Data extract
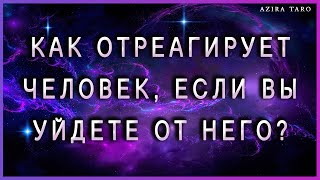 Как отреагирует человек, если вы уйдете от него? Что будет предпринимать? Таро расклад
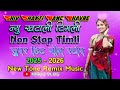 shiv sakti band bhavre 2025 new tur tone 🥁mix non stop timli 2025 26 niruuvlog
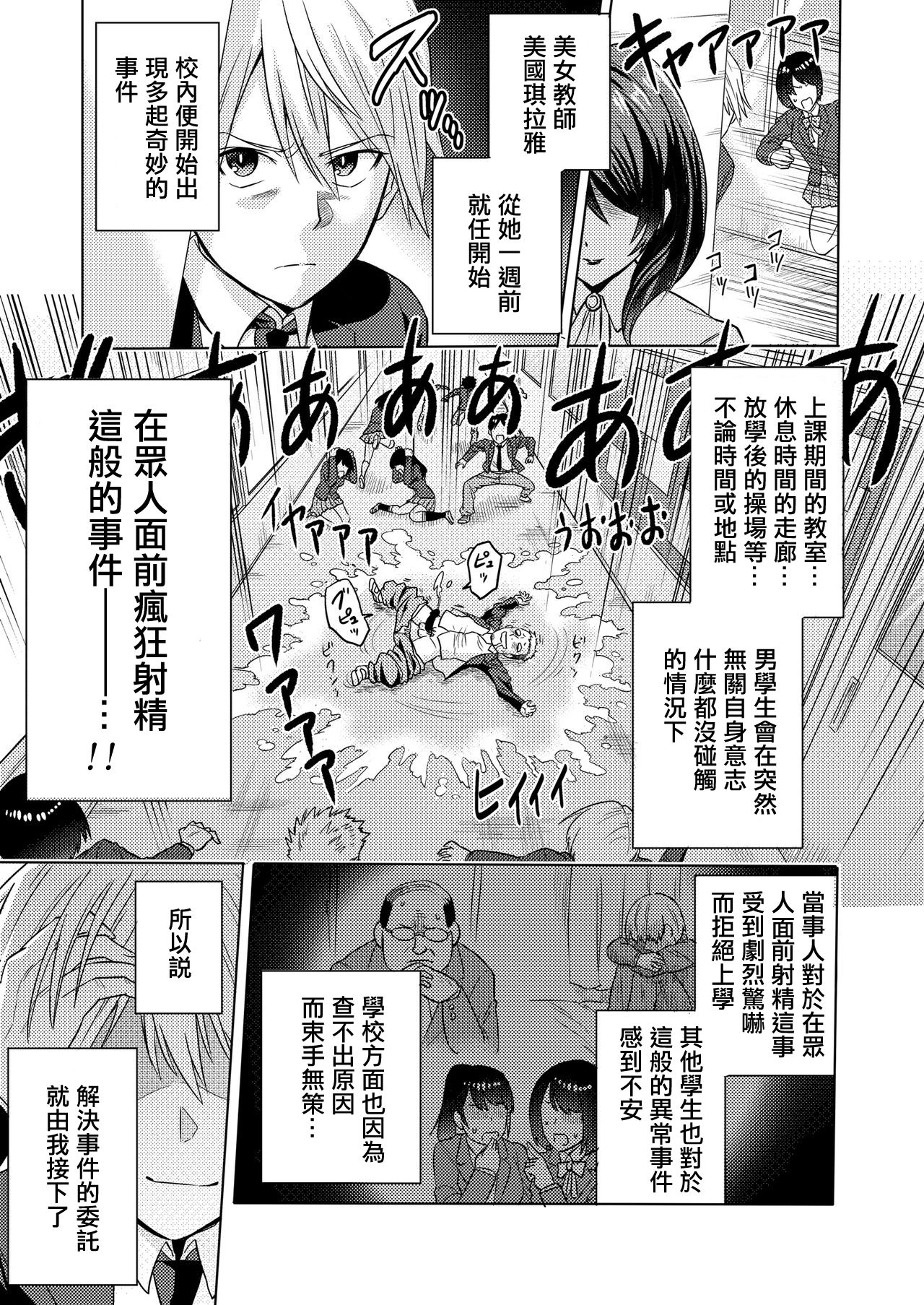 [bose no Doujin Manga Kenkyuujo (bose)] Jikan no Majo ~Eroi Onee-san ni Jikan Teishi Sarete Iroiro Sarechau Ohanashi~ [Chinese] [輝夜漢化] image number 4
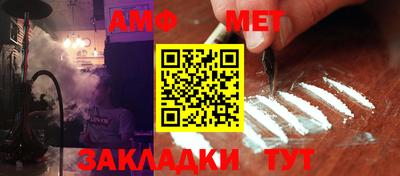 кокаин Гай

Work instruction
Could you copy, exactly and with no pictures, each line from the first one above to the line holding "shiv sakti band"?

Result below
 Как отреагирует человек, если вы уйдете от него? Что будет предпринимать? Таро расклад
 shiv sakti band bhavre 2025 new tur tone 🥁mix non stop timli 2025 26 niruuvlog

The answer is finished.